人間を人間たらしめてるモノって、なんですか?

「アレが帰投したよ」
「…………そうか」

 招かざる来訪者には一瞥も。手元の書類に視線を落としたまま相槌を打つ。
「ソルジャーの持つ生命力のしぶとさには感服するよ。生きてるのが不思議なほどだ、ほぼ爆破中心部にいたというのに」
「…………」
 自爆だよ。どうもウータイの連中はこぞって命を粗末にしたがるからいかんな、と。心にもないことをよくもまあぬけぬけと。「アレの中途半端な情けがかえってあだになったのだよ。ヤツひとりの命を渋ったおかげで死傷者は30名をかるくこえるそうだ」 無関係の民間人にまで被害が及んだというからやれやれ迷惑な話だと思わないかね。宝条は肩を竦めて大仰に溜息を吐く。
「無駄話など、不愉快だ」 用件がないならさっさと出ていけと睨んでみるものの、おやつれないなと何処吹く風。

「おまえは、アレをどうしたい?」
「……どういう意味だ?」
「欠損部分が多すぎてな。自己修復能力に期待が持てないというわけだよ。修復には大幅なパーツとカネが必要となるのだが、上層部はそのカネを出し渋っている。ただでさえアレは問題ばかり起こしていたからな。いい厄介払いになる、と。つまり今のままだとアレはスクラップ行き決定だということだ」 まぁ、アレ自身もそうなることを願っているのかもな。

「……だから、どうだというのだ」
「一応おまえはアレの上司だ。おまえの意見も聞いておきたいと思っただけだよ」 特に何もないというのなら邪魔したね、と。
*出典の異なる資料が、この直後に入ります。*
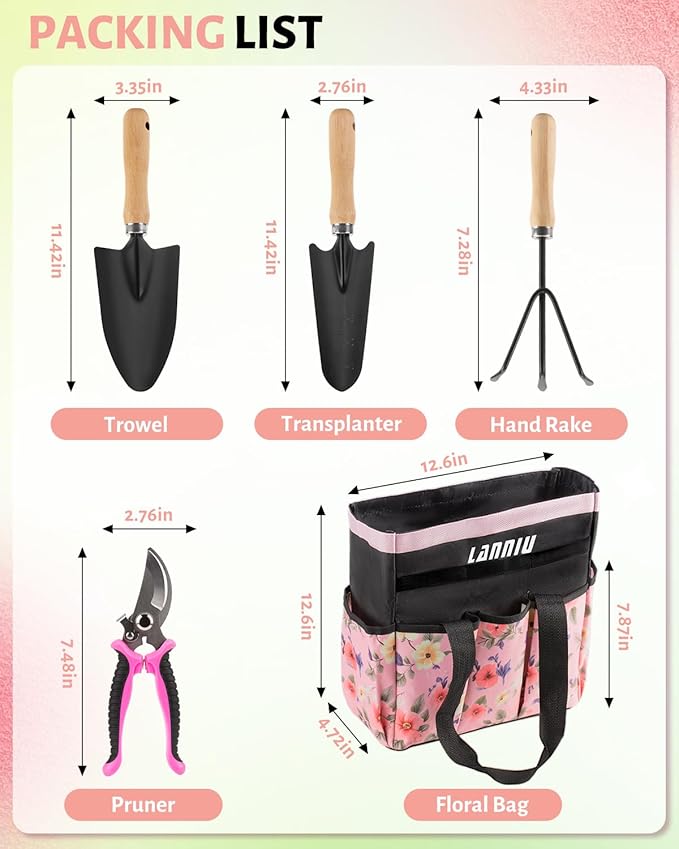 Pink Gardening Tools, Garden Tool Set for Women, 5 Piece Womens Gardening Kit with Garden Hand Tools Pink Floral Garden Bag,Gardening Gifts for Wife (5-Piece Pink)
執務室から出ていこうとする白衣の男に、咄嗟に声が縋った。

「…………アイツを、生かして、くれ」 頼む、と。
 たとえそれが、“アイシテイル”というわたしの身勝手なエゴにすぎなくとも。



何ヲモッテ“人間”ダト証明スルコトガデキマスカ?


* * *


「アンタ、ダレ?」

 目を覚ましたヤツの開口一番がソレで。蒼い魔晄色の瞳に不思議そうに見上げられ、逆さに映る己の姿は安堵と落胆に歪む。記憶が混濁しているのか、と顔を顰め。気分はどうだ、と言葉を濁らす。

「まあまあダヨ」
 ねぇアンタ誰だっけ?
「……セフィロスだ」 「セフィ、ロス? ……あぁ。あの“エーユウ”の、」
 ……どういう情報処理システムを組み入れたんだ、アイツは。
「おまえの“こいびと”の、だ」
「…………はい?」

 いつもと変わらないその様子に安堵感が湧くと同時、ちょっとした好奇心がむくむくと。悪戯心なぞ。案の定大きく目を見開き混乱しているその姿にほくそ笑む。
「えと。いちおー、念のために訊くけれど。まさかアンタ、オンナノヒト、じゃないよね?」 確かにアンタの顔めちゃめちゃキレイだけれども。まさか……。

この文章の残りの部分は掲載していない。